=== DATASET EXCERPTS ===
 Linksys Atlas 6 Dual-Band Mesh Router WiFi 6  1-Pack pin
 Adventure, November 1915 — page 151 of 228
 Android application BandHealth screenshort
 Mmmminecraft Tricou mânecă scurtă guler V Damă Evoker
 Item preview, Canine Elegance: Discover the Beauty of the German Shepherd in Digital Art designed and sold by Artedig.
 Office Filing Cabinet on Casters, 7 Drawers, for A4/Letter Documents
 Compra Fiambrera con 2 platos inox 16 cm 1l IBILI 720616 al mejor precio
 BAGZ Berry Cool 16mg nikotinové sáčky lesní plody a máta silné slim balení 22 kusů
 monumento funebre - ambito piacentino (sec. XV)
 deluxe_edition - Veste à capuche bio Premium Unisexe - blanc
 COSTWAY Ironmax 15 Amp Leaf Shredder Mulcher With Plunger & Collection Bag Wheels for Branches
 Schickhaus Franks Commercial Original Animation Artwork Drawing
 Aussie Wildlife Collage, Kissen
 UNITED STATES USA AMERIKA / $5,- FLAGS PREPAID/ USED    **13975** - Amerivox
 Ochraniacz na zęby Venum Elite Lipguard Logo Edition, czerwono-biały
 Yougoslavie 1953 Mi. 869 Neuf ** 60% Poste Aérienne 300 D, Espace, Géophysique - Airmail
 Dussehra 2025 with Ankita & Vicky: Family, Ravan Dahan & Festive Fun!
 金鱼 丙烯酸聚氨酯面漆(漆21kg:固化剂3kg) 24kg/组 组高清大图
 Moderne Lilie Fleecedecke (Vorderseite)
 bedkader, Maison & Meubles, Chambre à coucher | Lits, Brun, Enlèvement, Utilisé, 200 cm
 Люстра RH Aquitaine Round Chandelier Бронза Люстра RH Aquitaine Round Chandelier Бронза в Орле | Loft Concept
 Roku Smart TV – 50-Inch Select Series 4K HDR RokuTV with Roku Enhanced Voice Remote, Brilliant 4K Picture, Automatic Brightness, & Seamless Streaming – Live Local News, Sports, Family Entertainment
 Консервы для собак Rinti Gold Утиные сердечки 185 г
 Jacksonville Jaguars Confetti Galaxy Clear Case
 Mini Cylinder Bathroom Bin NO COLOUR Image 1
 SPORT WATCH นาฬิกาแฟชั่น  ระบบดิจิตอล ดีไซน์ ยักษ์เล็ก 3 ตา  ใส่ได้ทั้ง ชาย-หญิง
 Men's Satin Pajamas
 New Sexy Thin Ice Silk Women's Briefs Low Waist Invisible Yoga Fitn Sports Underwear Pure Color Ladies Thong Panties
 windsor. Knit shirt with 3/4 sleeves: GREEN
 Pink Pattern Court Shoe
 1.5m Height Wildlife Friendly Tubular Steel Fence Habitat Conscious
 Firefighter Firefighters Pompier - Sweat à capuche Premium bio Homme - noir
===
• _WORK INSTRUCTIONS_
In the listing above, start at the line with "COSTWAY Ironmax 15", go on through the line with "Ochraniacz na zęby", and copy each of those lines exactly; leave out all the rest.

• _TASK RESULT_
 COSTWAY Ironmax 15 Amp Leaf Shredder Mulcher With Plunger & Collection Bag Wheels for Branches
 Schickhaus Franks Commercial Original Animation Artwork Drawing
 Aussie Wildlife Collage, Kissen
 UNITED STATES USA AMERIKA / $5,- FLAGS PREPAID/ USED    **13975** - Amerivox
 Ochraniacz na zęby Venum Elite Lipguard Logo Edition, czerwono-biały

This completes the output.